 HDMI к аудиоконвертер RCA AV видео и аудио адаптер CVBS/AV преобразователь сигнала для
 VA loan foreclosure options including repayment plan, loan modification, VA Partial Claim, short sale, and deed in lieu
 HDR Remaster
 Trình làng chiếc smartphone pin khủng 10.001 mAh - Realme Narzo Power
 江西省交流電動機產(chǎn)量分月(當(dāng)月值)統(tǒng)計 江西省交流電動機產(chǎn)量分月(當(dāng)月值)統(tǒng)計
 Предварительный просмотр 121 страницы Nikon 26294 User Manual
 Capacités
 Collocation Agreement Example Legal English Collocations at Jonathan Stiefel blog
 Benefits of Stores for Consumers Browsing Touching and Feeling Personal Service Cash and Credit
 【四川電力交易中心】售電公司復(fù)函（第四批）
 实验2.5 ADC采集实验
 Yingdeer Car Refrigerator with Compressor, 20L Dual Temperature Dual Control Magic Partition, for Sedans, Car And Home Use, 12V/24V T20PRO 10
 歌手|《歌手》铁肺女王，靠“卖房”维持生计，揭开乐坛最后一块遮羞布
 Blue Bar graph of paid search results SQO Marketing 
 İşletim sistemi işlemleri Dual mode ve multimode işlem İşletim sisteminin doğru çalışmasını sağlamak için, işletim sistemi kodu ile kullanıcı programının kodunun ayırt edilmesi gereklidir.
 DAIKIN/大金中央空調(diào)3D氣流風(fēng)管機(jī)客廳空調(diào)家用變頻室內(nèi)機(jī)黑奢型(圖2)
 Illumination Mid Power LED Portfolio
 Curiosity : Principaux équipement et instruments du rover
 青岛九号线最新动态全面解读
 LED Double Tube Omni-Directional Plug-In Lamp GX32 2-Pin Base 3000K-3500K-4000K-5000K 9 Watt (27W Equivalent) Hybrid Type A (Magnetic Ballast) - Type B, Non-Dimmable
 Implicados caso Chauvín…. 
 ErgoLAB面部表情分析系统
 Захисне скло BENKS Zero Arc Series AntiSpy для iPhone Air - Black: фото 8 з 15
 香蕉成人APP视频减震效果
.....
WHAT YOU NEED TO DO
Type out the whole listing above again, exactly as it stands.

REPLY
 HDMI к аудиоконвертер RCA AV видео и аудио адаптер CVBS/AV преобразователь сигнала для
 VA loan foreclosure options including repayment plan, loan modification, VA Partial Claim, short sale, and deed in lieu
 HDR Remaster
 Trình làng chiếc smartphone pin khủng 10.001 mAh - Realme Narzo Power
 江西省交流電動機產(chǎn)量分月(當(dāng)月值)統(tǒng)計 江西省交流電動機產(chǎn)量分月(當(dāng)月值)統(tǒng)計
 Предварительный просмотр 121 страницы Nikon 26294 User Manual
 Capacités
 Collocation Agreement Example Legal English Collocations at Jonathan Stiefel blog
 Benefits of Stores for Consumers Browsing Touching and Feeling Personal Service Cash and Credit
 【四川電力交易中心】售電公司復(fù)函（第四批）
 实验2.5 ADC采集实验
 Yingdeer Car Refrigerator with Compressor, 20L Dual Temperature Dual Control Magic Partition, for Sedans, Car And Home Use, 12V/24V T20PRO 10
 歌手|《歌手》铁肺女王，靠“卖房”维持生计，揭开乐坛最后一块遮羞布
 Blue Bar graph of paid search results SQO Marketing 
 İşletim sistemi işlemleri Dual mode ve multimode işlem İşletim sisteminin doğru çalışmasını sağlamak için, işletim sistemi kodu ile kullanıcı programının kodunun ayırt edilmesi gereklidir.
 DAIKIN/大金中央空調(diào)3D氣流風(fēng)管機(jī)客廳空調(diào)家用變頻室內(nèi)機(jī)黑奢型(圖2)
 Illumination Mid Power LED Portfolio
 Curiosity : Principaux équipement et instruments du rover
 青岛九号线最新动态全面解读
 LED Double Tube Omni-Directional Plug-In Lamp GX32 2-Pin Base 3000K-3500K-4000K-5000K 9 Watt (27W Equivalent) Hybrid Type A (Magnetic Ballast) - Type B, Non-Dimmable
 Implicados caso Chauvín…. 
 ErgoLAB面部表情分析系统
 Захисне скло BENKS Zero Arc Series AntiSpy для iPhone Air - Black: фото 8 з 15
 香蕉成人APP视频减震效果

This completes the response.